Vincent Musetto would've come up with a better title for this story.

by Peter Rugg
New York Post

Know ye that a prince and a great man has fallen this day in the Bronx. Vincent Musetto, writer behind the greatest headline in the history of journalism, has died at 74.

Almost all headlines evaporate from memory. The rare, “Dewey Defeats Truman” exceptions are often notable for conveying flat-wrongness. But on April 15, 1983, a snow leopard appeared in black and white on the header of the New York Post. “Headless Body In Topless Bar.”

This is an inspired flash of brilliance that might be the only tabloid headline that most Americans can quote. Just look at that jewel. Decapitation, sex, booze, surprise, and straight-faced humor all packed tighter than a hobo’s last cigarette. Those five little words! It makes “For sale. Baby shoes. Never worn.” look like a filibuster. The Pythagorean theorem is flabby by comparison. The true tale of that corpse will never match the one the headline evokes in your imagination. Musetto’s Post colleague would compare the scene that night at the copy desk to an oil painting of the founding fathers huddled around the Declaration of Independence.

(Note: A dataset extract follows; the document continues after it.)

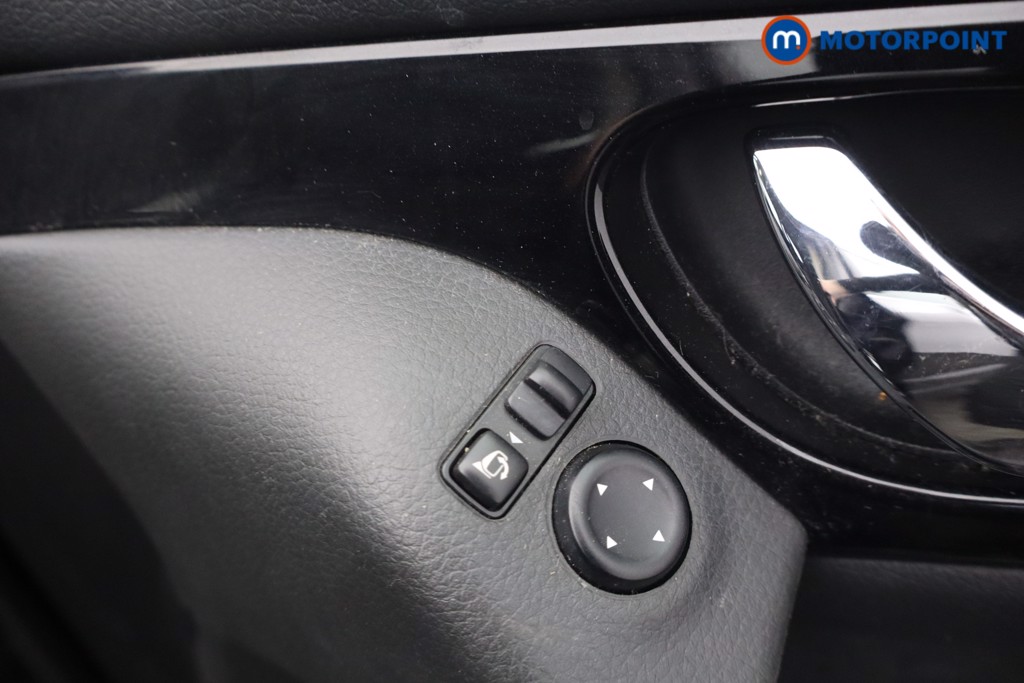 Nissan Qashqai Acenta Premium Manual Petrol SUV - Stock Number (1639688) - 12th supplementary image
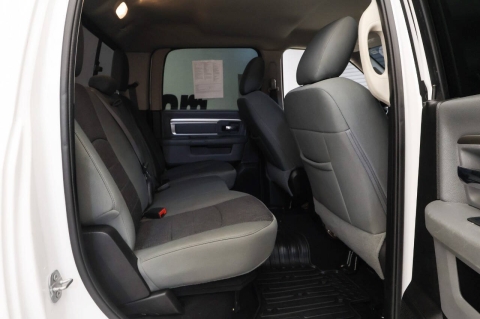 2020 RAM 1500 Classic SLT 4x4 4dr Crew Cab 5.5 ft. SB Pickup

Fellini had La Dolce Vita. R. Kelly had “Ignition.” The Post had this. As the Internet continues to bury newspaper publishing, it’s looking more and more like Wilt Chamberlain’s 100-point game, a record from another era, set during a time now so bygone that it will never be threatened, a benchmark eternal. 

Musetto officially retired in 2011, though he continued to freelance movie reviews until 2013, when an editor emailed him that the budget was too tight to pay him $100 a pop for two write-ups a month. That bit has somehow been omitted from the Post’s own story on Musetto’s passing, but at least they’re acknowledging his moment of perfection.